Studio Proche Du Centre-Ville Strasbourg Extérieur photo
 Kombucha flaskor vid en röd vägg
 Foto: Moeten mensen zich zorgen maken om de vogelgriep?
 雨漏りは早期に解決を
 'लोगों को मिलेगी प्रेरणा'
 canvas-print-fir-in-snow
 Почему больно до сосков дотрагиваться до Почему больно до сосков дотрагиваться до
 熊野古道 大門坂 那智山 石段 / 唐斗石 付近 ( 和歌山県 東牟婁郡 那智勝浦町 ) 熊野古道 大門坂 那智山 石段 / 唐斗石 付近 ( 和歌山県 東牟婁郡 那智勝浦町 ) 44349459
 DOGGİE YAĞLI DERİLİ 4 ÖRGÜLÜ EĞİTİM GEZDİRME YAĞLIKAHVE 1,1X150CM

····················

__WHAT TO WORK ON__.
Line by line, copy the records exactly.

__RESPONSE AREA__.
Studio Proche Du Centre-Ville Strasbourg Extérieur photo
 Kombucha flaskor vid en röd vägg
 Foto: Moeten mensen zich zorgen maken om de vogelgriep?
 雨漏りは早期に解決を
 'लोगों को मिलेगी प्रेरणा'
 canvas-print-fir-in-snow
 Почему больно до сосков дотрагиваться до Почему больно до сосков дотрагиваться до
 熊野古道 大門坂 那智山 石段 / 唐斗石 付近 ( 和歌山県 東牟婁郡 那智勝浦町 ) 熊野古道 大門坂 那智山 石段 / 唐斗石 付近 ( 和歌山県 東牟婁郡 那智勝浦町 ) 44349459
 DOGGİE YAĞLI DERİLİ 4 ÖRGÜLÜ EĞİTİM GEZDİRME YAĞLIKAHVE 1,1X150CM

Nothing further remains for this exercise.